I wish that someone else had taken on you Goons. It would have made my life a lot easier if it had all gone down that way. I wouldn’t be in line for a $500 million settlement payment if someone else had been the trailblazer before I ever showed up on the scene. But I still would have preferred that it had been done that way. This job is fun intellectually and it is fun because it involves helping millions of people in a very big way. But the nasty stuff is not fun. I do it because it has to be done. I noticed back in the Summer of 2002 that no one else had done it and so I pulled up my big boy pants and got about the business of doing it. And here we are, you know?

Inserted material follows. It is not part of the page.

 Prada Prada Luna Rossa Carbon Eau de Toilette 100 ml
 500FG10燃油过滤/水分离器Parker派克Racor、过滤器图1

I am not Shiller. What I say is not necessarily what Shiller would say. But every word that I say is rooted in what Shiller showed in 1981. It’s not my fault that we don’t today have thousands of people addressing all of the topics that need to be addressed. That’s the fault of you Goons. I don’t have the power to make you knock off the funny business. All that I can do is to call you out on your b.s. I have done that. And yet you continue! All that we can do at this point is to wait patiently for the price crash and see whether living through what that is going to mean for millions of people causes the emotional background in which these discussions take place to change enough for us to get lots of other people involved in the discussions in a constructive way.
I am highly confident that we will all pull together in the days following the crash to take this thing to a very, very, very positive place. But we are going to have to wait and see to find out for sure. I could be wrong. If I were, I would probably be the last to know. So we are just going to have to wait and see.
I naturally wish you all the best that this life has to offer a person regardless of how things play out, my good friend.